Wermelskirchen. Bauen im Bestand - darin hat die Stadtverwaltung inzwischen dank der Rathausfassade genügend Erfahrung - birgt immer wieder neue Probleme. Es ist eine Geldvernichtungsmaschine sondergleichen. Schon einmal wurden 20.000 Euro für eine Reparatur verschiedener Komponenten aufgebracht, jetzt kostet's wieder diese Summe. Aber was tut die Stadtverwaltung nicht alles, damit die Kunden für eine Drei-Euro-Tageskarte zufrieden sind.

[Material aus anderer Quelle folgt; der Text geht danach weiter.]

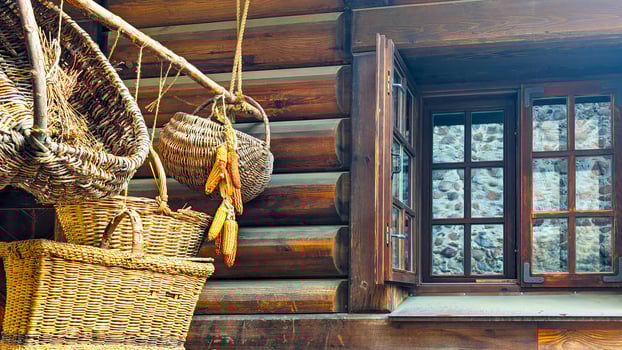 Wicker baskets and dried corn hanging by a rustic wooden house window, traditional countryside decor photo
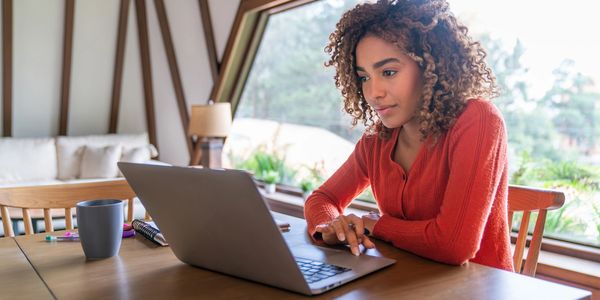 Woman in red sweater working on laptop at wooden table near large window.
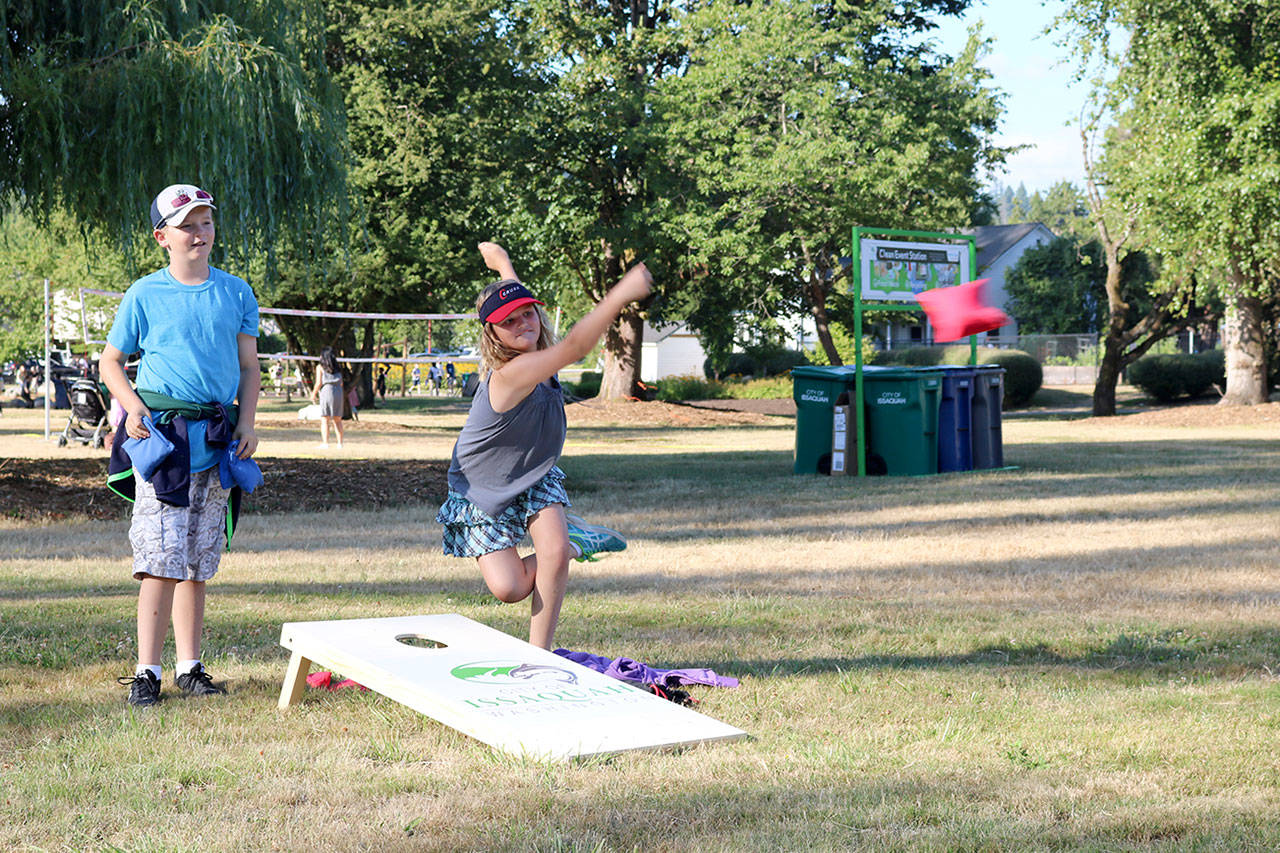 Quinn and Bryce Corbett play beanbag golf as soon as they arrived at the park. (Evan Pappas/Staff Photo)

Wichtiger ist aber der Blick in die Zukunft. Mit dem Ratsbeschluss, einen Kunstrasenplatz unterhalb des Hallenbades zu bauen, hat man sich einen guten Standort verbaut. Jetzt kann's nur an der Realschule oder an der Peripherie zu einem Neubau kommen - oder an alter Stelle. Wobei da natürlich eine vernünftige Parkplatzsituation immer noch nicht geklärt wäre.

Wichtig dabei ist: Wermelskirchen braucht kein Freizeitbad. Die gibt es genügend im Umland. Ein modernes Sportbad sollte die Erfordernisse erfüllen. Daran sollten sich die Politiker orientieren.